As the title suggests, I have a very trivial question to ask (I’m a beginner with julia).

In my code, I would like to have several (parallel) processes do calculations (quite long and complex) and each produce a matrix.

Then I would like all these processes to add each its own matrix into a single matrix. In practice, I would like to do a parallel reduction with an entire matrix instead of a single variable.

I had thought of using SharedArrays, that is, to declare a single shared matrix external to the parallel cycle distributed among the processes and then have each process add its matrix elements to this shared matrix, but what I have read is not reliable, since a concurrency would be created.

I hope it is clear what I intend to do, but if not I will try to explain myself better.

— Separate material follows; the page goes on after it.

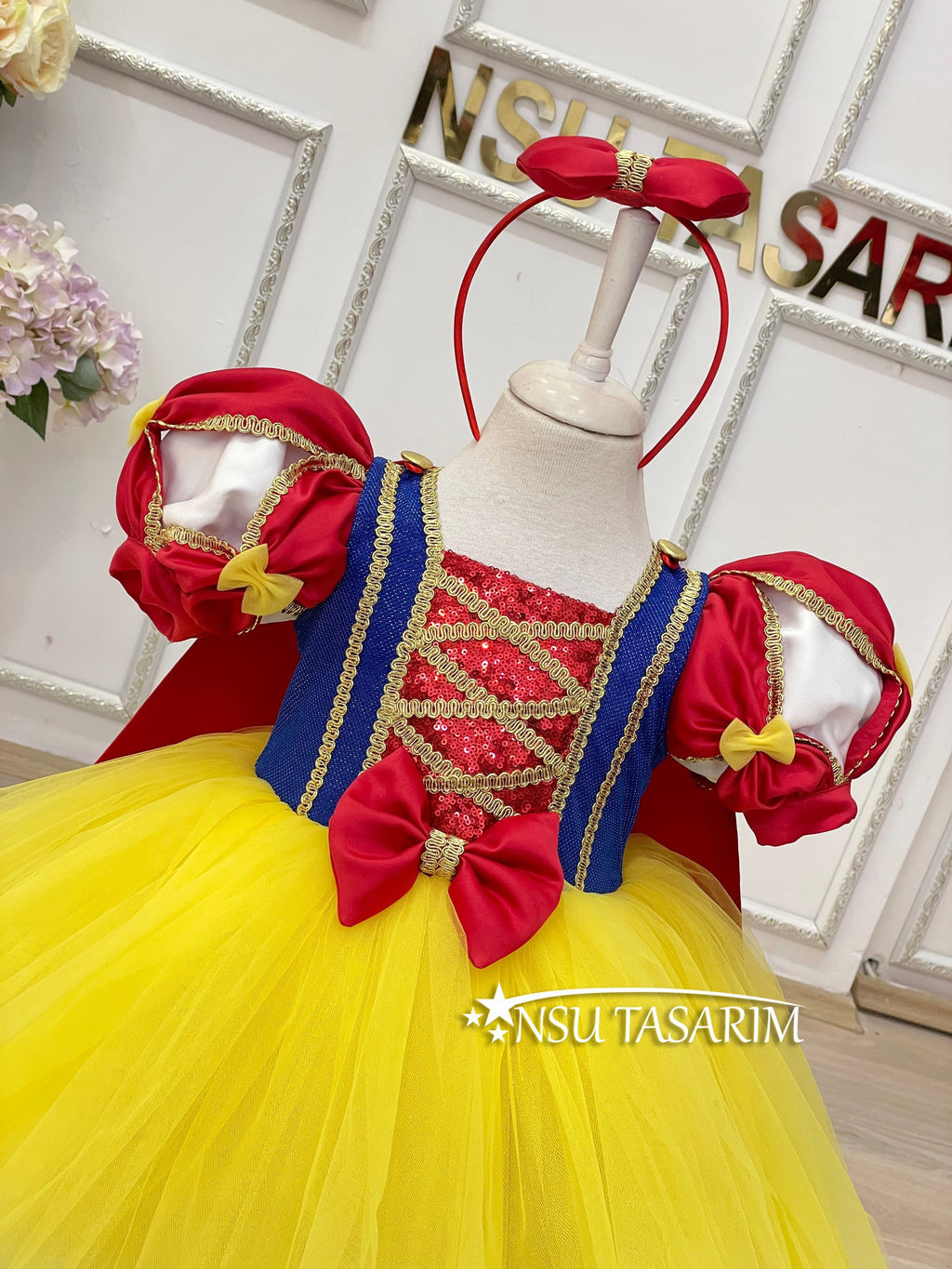 Snow white dress front upper part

You can always do that “manually”, by creating a vector of matrices of length nthreads, and add to those at each thread, to add to final result only at the end.

Something like:

julia> function parallel_add_random(M,N)
m, n = size(M)
M_threaded = [ zeros(m,n) for i in 1:Threads.nthreads() ]
Threads.@threads for i in 1:N
ithread = Threads.threadid()
M_threaded[ithread] += rand(m,n)
end
return M + sum(M_threaded)
end
parallel_add (generic function with 2 methods)
julia> m = rand(20,30);
julia> parallel_add_random(m,100)
20×30 Array{Float64,2}:
55.2541 48.5893 52.4891 52.7939 49.7074 53.4088 53.327 … 51.5987 56.7113 53.5566 52.6172 44.2602 53.0649 51.0608

I understand that this is not the best approach, because the M_threaded vector of matrices is constructed contiguously in memory, and that is a constraint that the parallel execution does not require (thus other memory model can be better), but if that makes any difference or not is to be seen for each problem.

Actually, right after asking this question, it occurred to me that there is a very simple way around the problem (even if it’s not the best of efficiency).